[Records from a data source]
****************************************

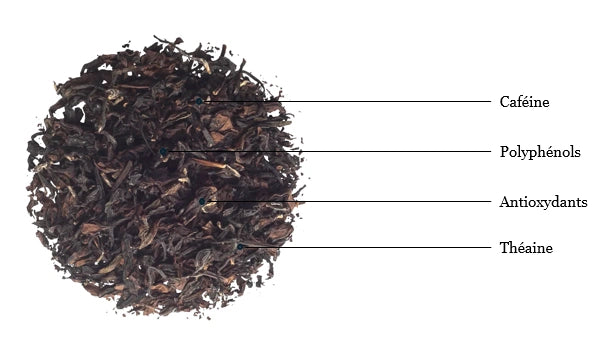 Composés nutritifs du thé oolong.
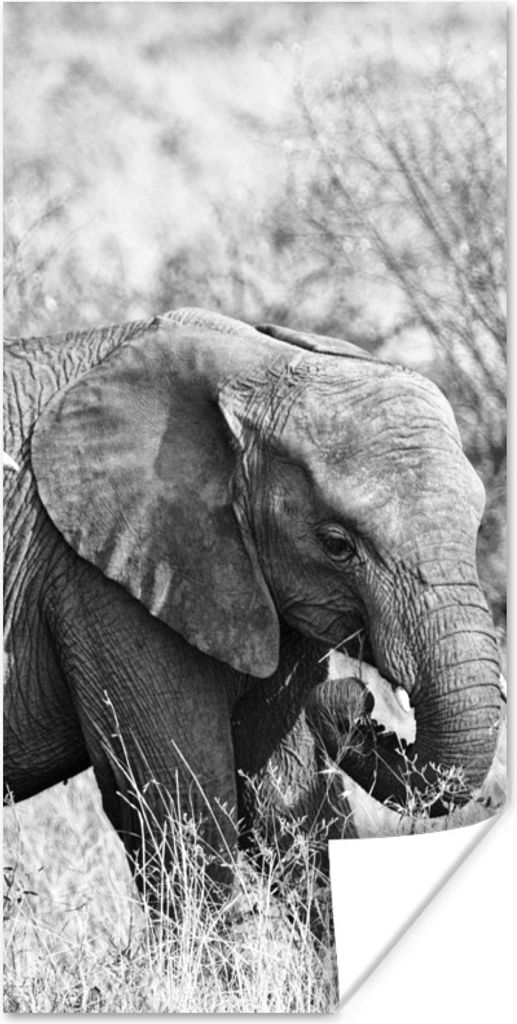 MuchoWow Poster Elefantenbaby und seine Mutter in Kenia in schwarz-weiß 60x120 cm - Wandschmuck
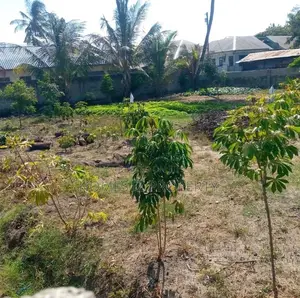 Plot for Sale Ar Tegeta Dawasco.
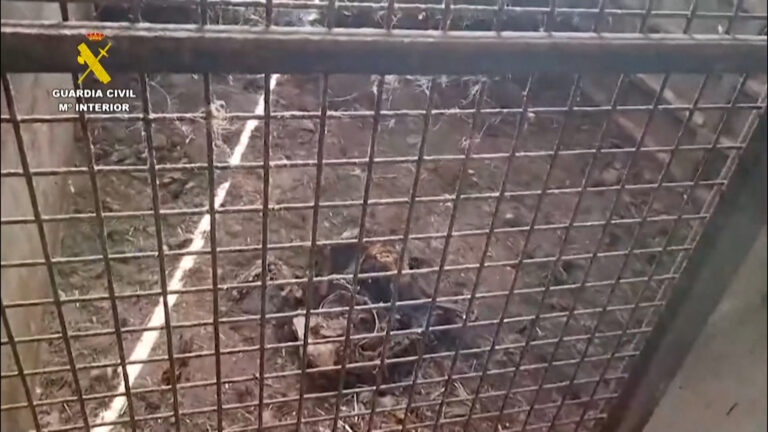 Νεκρά 32 σκυλιά που είχαν εγκαταλειφθεί χωρίς τροφή και νερό σε αγρόκτημα στην Ισπανία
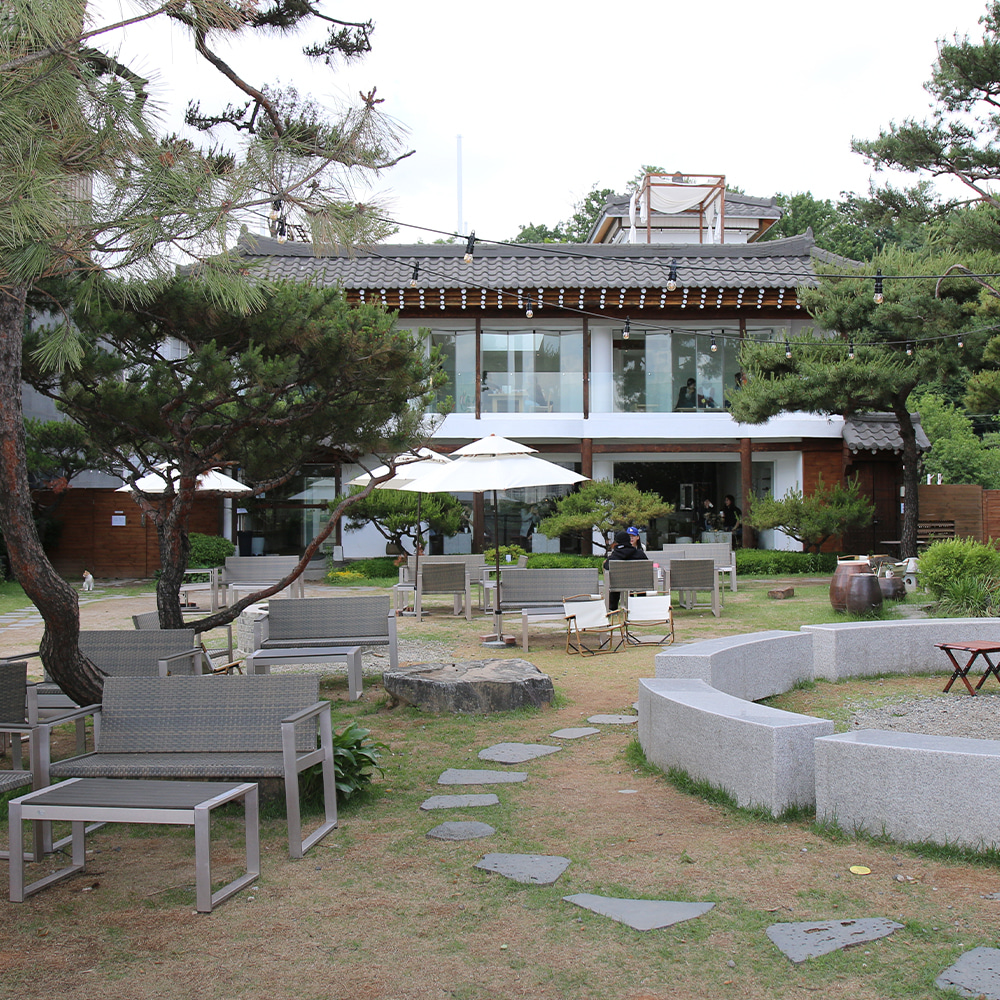 ㅊa카페, 차 카페, 납품사례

****************************************

## WHAT THE EXERCISE ASKS
From the line that contains "Plot for Sale Ar Tegeta Dawasco." down to the last line of the entries above, copy every line exactly and leave out the pictures.

## SOLUTION TO THIS EXERCISE
 Plot for Sale Ar Tegeta Dawasco.
 Νεκρά 32 σκυλιά που είχαν εγκαταλειφθεί χωρίς τροφή και νερό σε αγρόκτημα στην Ισπανία
 ㅊa카페, 차 카페, 납품사례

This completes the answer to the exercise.